> [What you need to do]: In the entries below, find the line containing "成都好玩的景点有哪些？你能推荐几个吗？" and the line containing "Technology icon. Automatic". Copy those two lines and everything between them exactly, without the pictures.

• • •

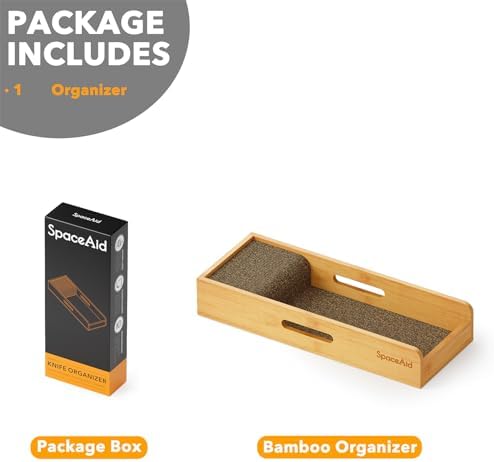 SpaceAid Bamboo Knives Organizer Small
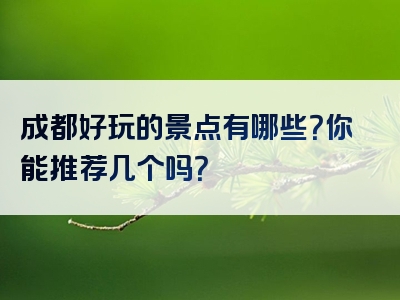 成都好玩的景点有哪些？你能推荐几个吗？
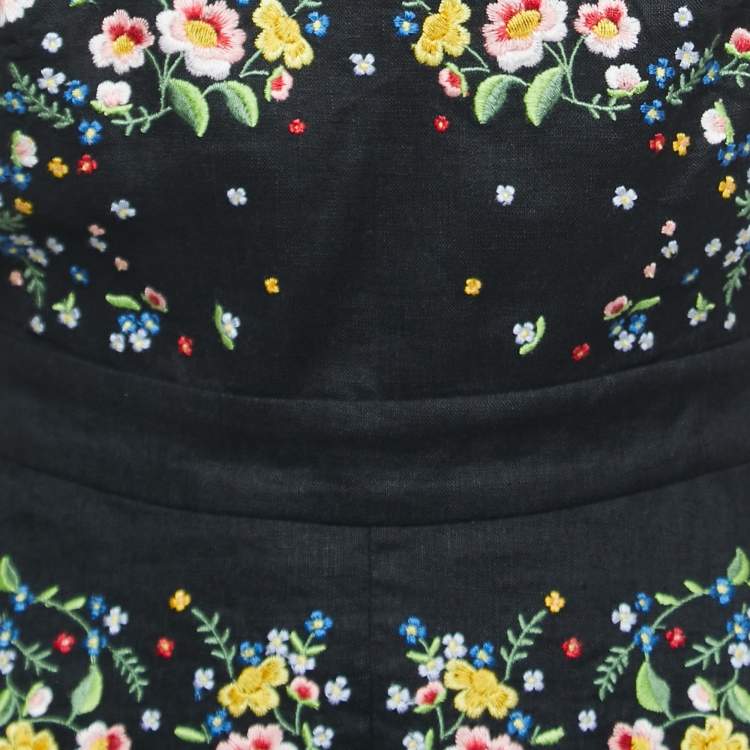 Pre Owned Zimmermann Black Floral Embroidered Linen Open-Back Midi Dress S 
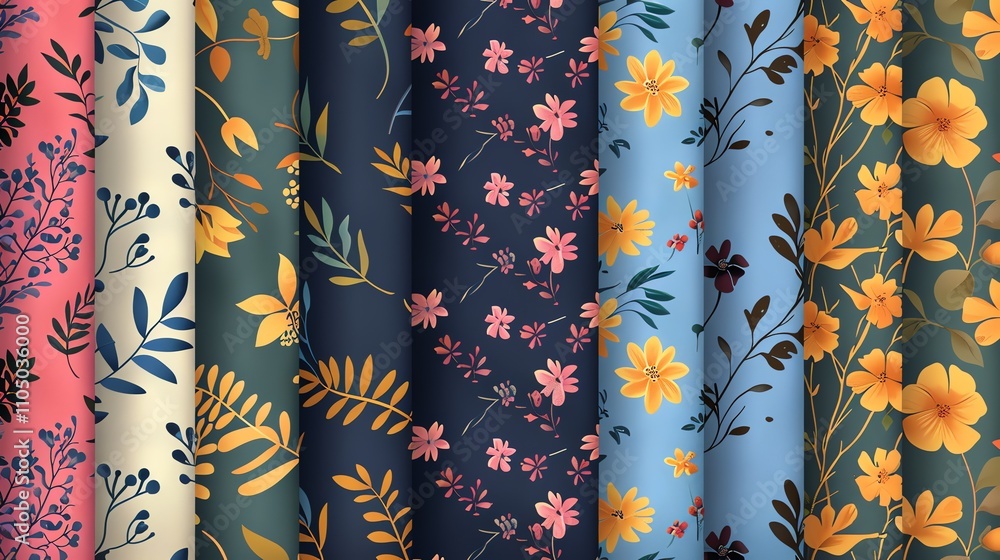 Poster a collection of floral patterns in various colors.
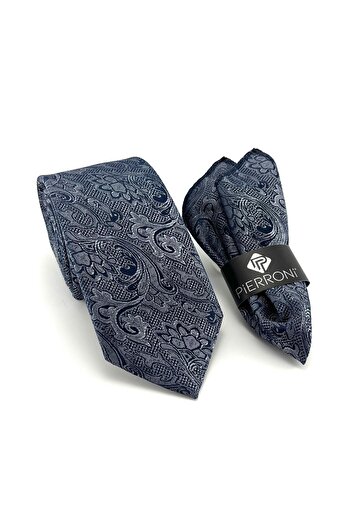 PİERRONİ Gray Navy Blue Patterned Handkerchief Tie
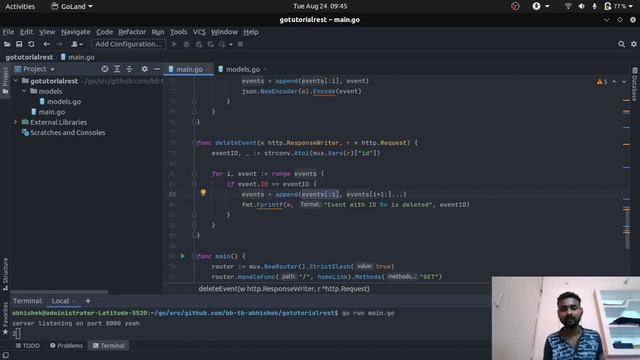 Delete Event | Golang REST API  | Gorilla Mux | Tutorial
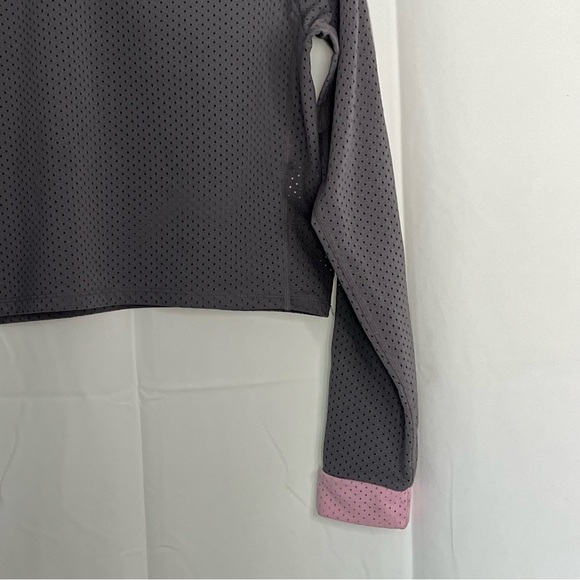 Nike Cropped Running Top Women's Gunsmoke/Pink Athleisure Activewear Gym Sz S - Picture 6 of 7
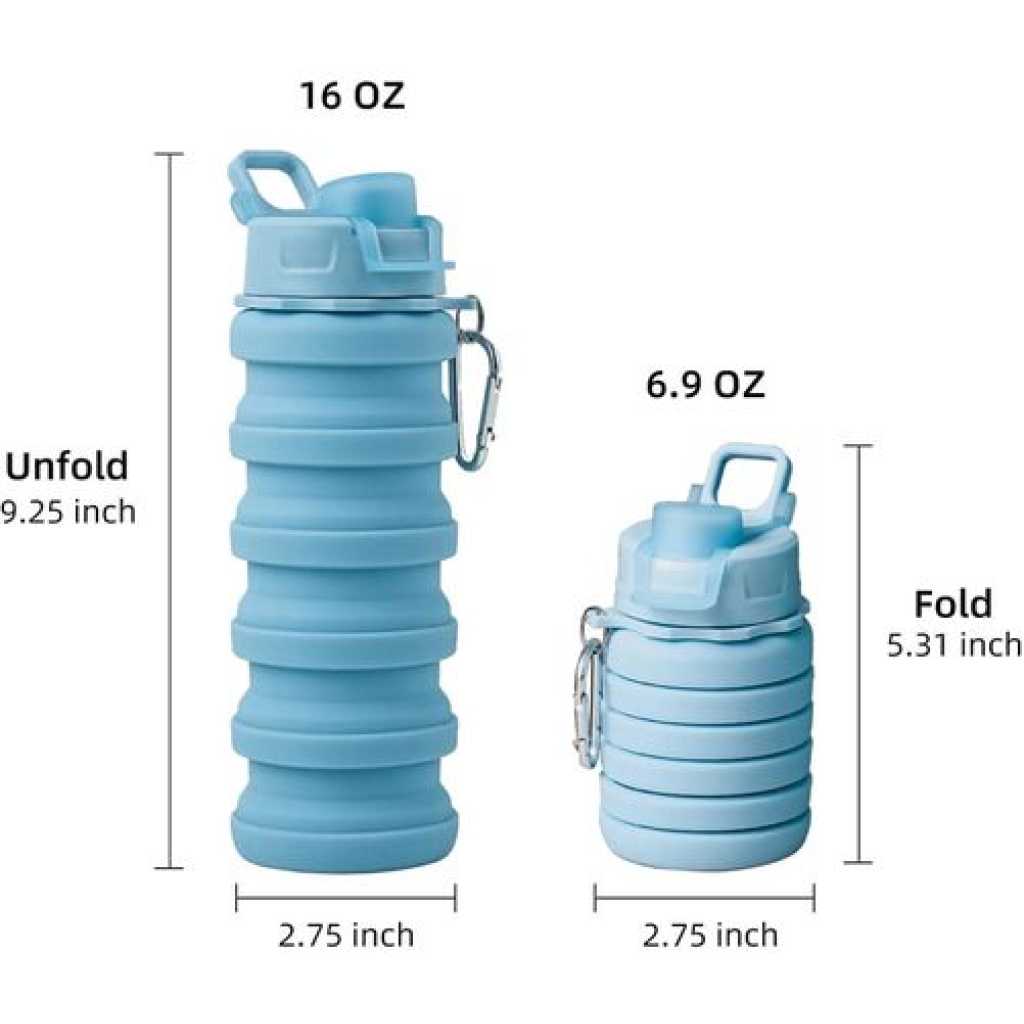 Reusable Silicone Collapsible Water Bottle, 750ml/25oz BPA-Free Large Capacity Foldable Silicone Water Bottle, Portable Leak-Proof Sports Water Bottle With Strap For Gym Sports Fitness Travel Camping Daily Hiking- Multicolor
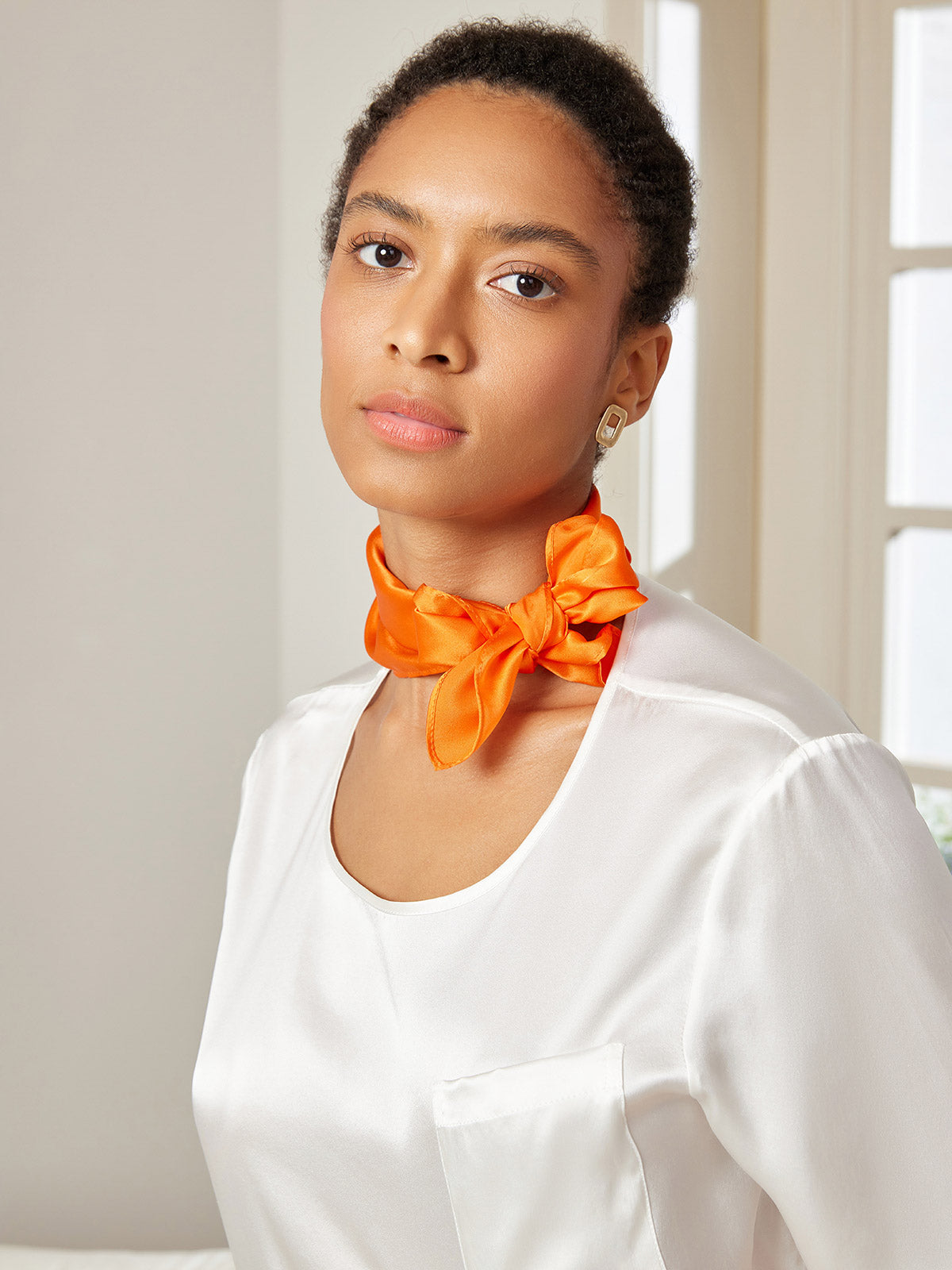 [Orange] SilkSilky  Scarf 002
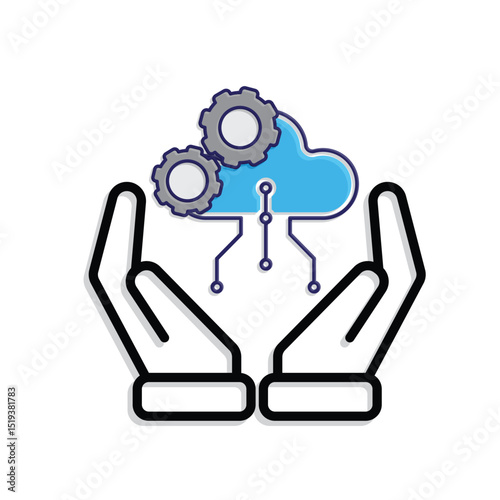 Technology icon. Automatic Cloud computing in hand. Cloud and nodes with gears. Depicts automation, artificial intelligence. Mixed design style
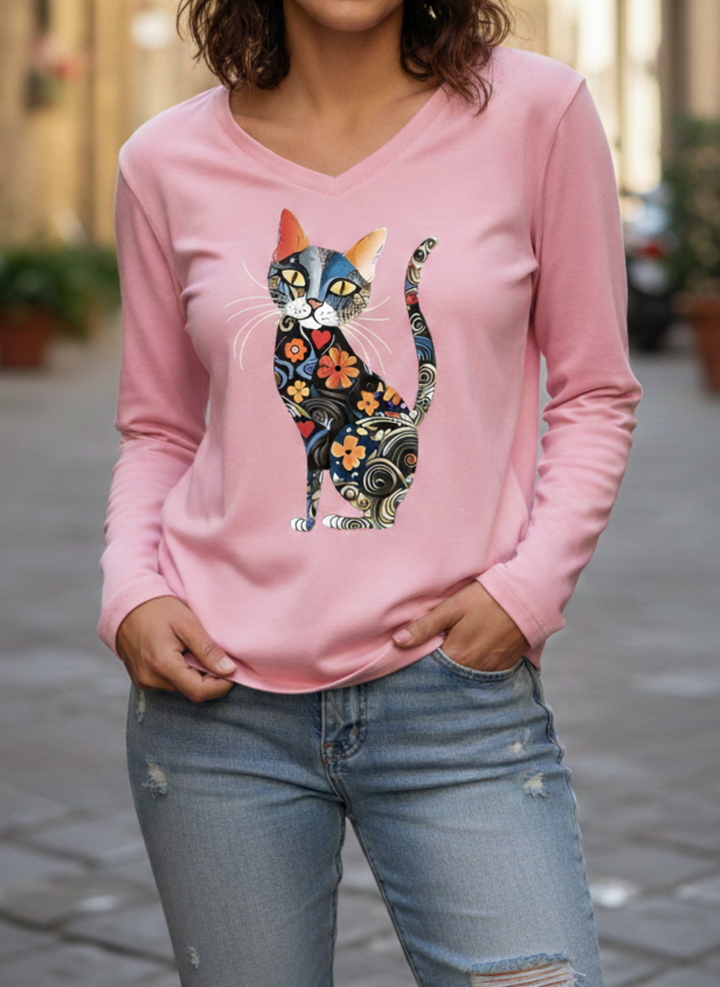 Martina | Maglietta artistica con gatto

• • •

> [Answer]:
 成都好玩的景点有哪些？你能推荐几个吗？
 Pre Owned Zimmermann Black Floral Embroidered Linen Open-Back Midi Dress S 
 Poster a collection of floral patterns in various colors.
 PİERRONİ Gray Navy Blue Patterned Handkerchief Tie
 Delete Event | Golang REST API  | Gorilla Mux | Tutorial
 Nike Cropped Running Top Women's Gunsmoke/Pink Athleisure Activewear Gym Sz S - Picture 6 of 7
 Reusable Silicone Collapsible Water Bottle, 750ml/25oz BPA-Free Large Capacity Foldable Silicone Water Bottle, Portable Leak-Proof Sports Water Bottle With Strap For Gym Sports Fitness Travel Camping Daily Hiking- Multicolor
 [Orange] SilkSilky  Scarf 002
 Technology icon. Automatic Cloud computing in hand. Cloud and nodes with gears. Depicts automation, artificial intelligence. Mixed design style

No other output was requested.